|The new version of this paper is in my opinion still not suitable for publication and still requires some major work to become publishable. This is not, as before, too much related to issues related to inconsistent model-data comparison, but instead to too superficial an analysis of the results presented here. It does not become clear in as how much this paper really provides new insights regarding the evolution of sea ice in a warmer climate relative to existing studies based on, say, CMIP simulations. This paper currently remains very descriptive, rather than providing the reader with any robust results. This fact, however, is not stated in the paper, but instead is hidden behind a language that is very speculative throughout much of the text. I still believe that these simulations can provide new, broadly relevant and interesting insights regarding the evolution of sea ice, but more in-depth analysis is required to extract those from the available data.|
Alternatively, this paper should be shortened significantly and only provide a description of model results. This would then be a helpful reference for these simulations, and it would be made clear to the reader that this is not meant to provide an "assessment" or the like. In that case, the title should be changed to "Description of simulations of Arctic sea ice in the PlioMIP models"
If the authors decided to keep the current scope of this paper I suggest that they consider the following remarks for a possible revised version:
l.5 and section 3.3: I am still not convinced that much can be learned from using CV in the current context. What is the geophysical relevance of CV that makes this measure preferable over simply using ensemble spread? If in a warmer climate all simulations are ice free, but one simulation still has a tiny ice floe of 2 m² lying around somewhere, then CV will be more than 10. But this high value would be totally irrelevant, as is expressed by the geophysically more relevant ensemble spread given by ensemble standard deviation. I disagree in particular with the statement tat standard deviation does not allow one to compare data sets with different mean values (l.64). Why not?
If the authors decide to keep the analysis of CV, it'd be helpful to give geophysical reasons for its relevance - rather than simply stating that others have used this metric before. Please also note that "ensemble spread" is very different from "variability", but currently these terms are used as if they were to describe the same thing.
l.11: "suggesting that the dominant atmospheric and oceanic influences may be different in the [two] simulations": This is one example of the speculative language. All data is there to test this suggestion, so why not do it? In particular since I doubt that this is true.

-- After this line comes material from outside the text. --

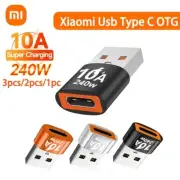 Usb 3.0 Type C Otg Adapter 10A Tipoc Usb C Female To Usb A Male Converter
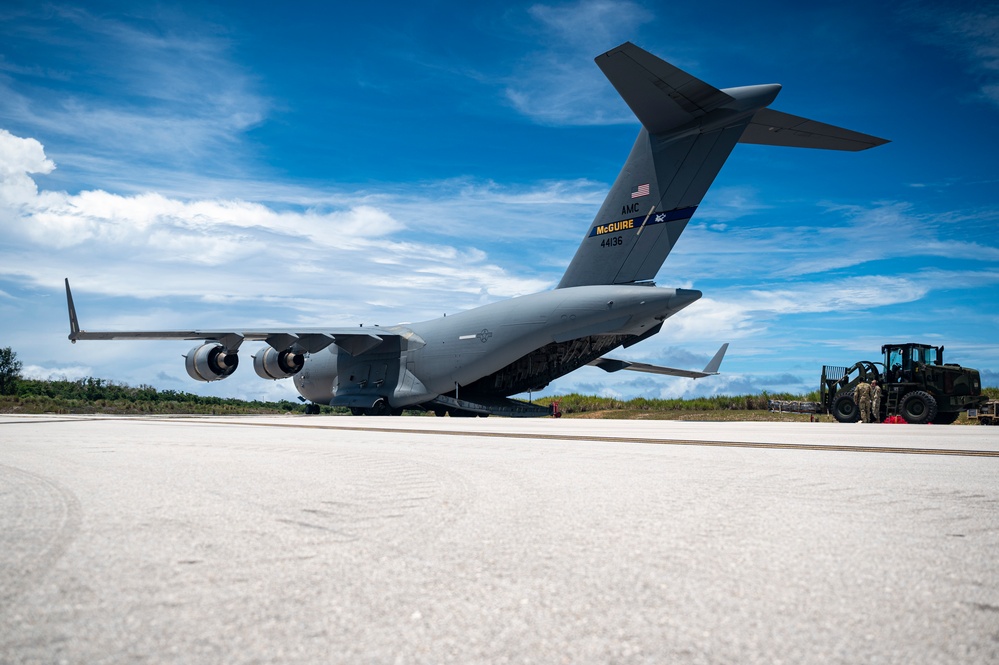 C-17 Specialized Fueling Operation Valiant Shield 24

l.24: The Arctic is only "widely predicted to become seasonally ice free before the end of the 21st century" for a specific evolution of CO2
Introduction in general: This should include some short discussion of what we do know from previous studies on sea-ice ensemble spread, correlations between individual sea-ice metrics and drivers, temporal correlation of sea-ice evolution, generally evolution of sea ice in a warmer climate, etc., which is necessary to allow the reader to identify the open questions that are addressed by the present study.
l.56 leading to Figure 14: I was wondering if some of the results of this study are simply related to the fact that sea-ice extent is used to describe the areal coverage of sea ice, rather than sea-ice area. If in a cold climate sea-ice concentration reduces because of some warming from, say, 90 % to 45 %, sea-ice extent would remain the same, even though the area decreases by 50 %. This then renders the correlation of extent and temperature very weak. Sea-ice extent is only a useful metric when comparing data to observations, since it allows one to account for some observational uncertainty. In the present context, where most of the analysis is only carried out in the model realm, sea-ice area would give much more robust results, in particular given the very low sea-ice concentration that is obtained in the warm climate runs.
Section 3: I found this section unnecessarily long. The reader can simply look at the figures, and doesn't need a detailed description of every single panel. In particular since much of the language remains very vague, repetitive and sometimes contradictive, such as "Most of the models display patterns that are broadly similar to ensemble mean - but there is appreciable variation with respect to the location of maximum ice thickness". Either the patterns are broadly similar (which includes their key characteristics), or they are not (as given by the location of maximum thickness). Or: "The thickest ice in COSMOS [...] is located in approximately the same region as in the ensemble mean." followed by "In COSMOS, the thickest ice is concentrated into a smaller area." I found this entire section very cumbersome to read.
l.143: What is "relatively" reduced ice?
l.144ff: Why should multi-year pre-industrial ice-thickness patterns match two months of observational record from 2009?
l.152: Another example for very vague language: "The ensemble mean thickness patterns appear to broadly match the observations."
l.187: I did not understand the logic (and meaning) behind: "The finding that sea-ice extent amplitude in the mid-pliocene is 64 % greater than the pre-industrial simulation amplitude holds for the ensemble mean at a lower amplitude extent amplitude."
l.210: Another example for vague and somewhat contradictive language: "A similar finding to the fact that MIROC has similar patterns in winter in both simulations holds for COSMOS, where the central Arctic sea ice thins by a greater amount in comparison to sea ice in other regions."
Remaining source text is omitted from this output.